Ralph Gaston: Joan (his wife) and I met at UC Berkeley in 1999 as grad students. That was right when her parents (Rusty and Lorie Obra) were retiring and moving out to Hawai‘i and got into coffee farms. Then, in August 2006, Papa Rusty passed away. Mama Lorie kept the farm going because it was her connection to Papa Rusty and a way to honor him. She started working with Whole Foods, got her first big award for coffee and received 95 points from Coffee Review—things were growing for her. And we realized that she could use help. We were already kind of looking at our careers in journalism at the time and thinking we might need to find something new to do—on the heels of the Great Recession, journalism crashed heavily; there were a lot of closing newsrooms. I was a sportscaster on TV and half the staff was gone. By the Ka‘ū Coffee Festival in 2009, we had a sense that this would be something we’d want to try.
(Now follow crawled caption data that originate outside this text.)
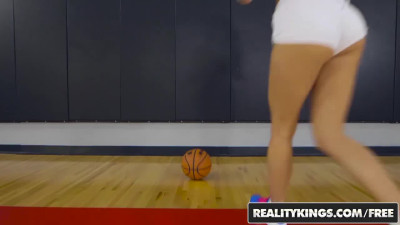 Karlee Grey hot basketball player throats and fucks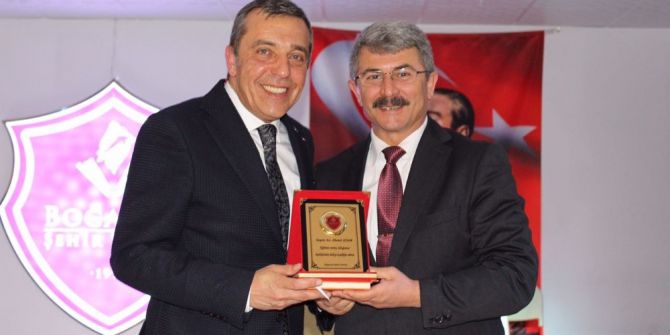 Boğaziçi Şehir Kolejinde Meslek Söyleşisi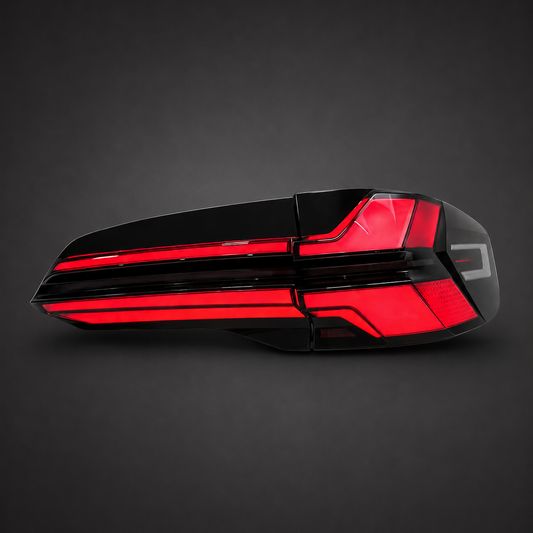 BMW X5 E70 Full LED Taillights Upgrade – Plug & Play Installation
I was not a specialty coffee drinker at all. It was more about Mama Lorie needing help and about the challenge of being independent and running my own business. My business aspirations had grown as I became a young adult and began working as a journalist. I spent years in a few companies owned by bigger investment and corporate structures and really wanted to try to do something more independently.
Being my own boss was always appealing to me, and when we moved out to Hawai‘i to work on coffee full time in 2011, I thought it would be the best opportunity I’d have to challenge myself.
Once I got out here, I started to enjoy learning about roasting and cupping, helping on the farm a bit. Just getting used to being out and about—Hawai‘i is such a wonderful place to be outside and enjoy the nature and the beauty that it brings.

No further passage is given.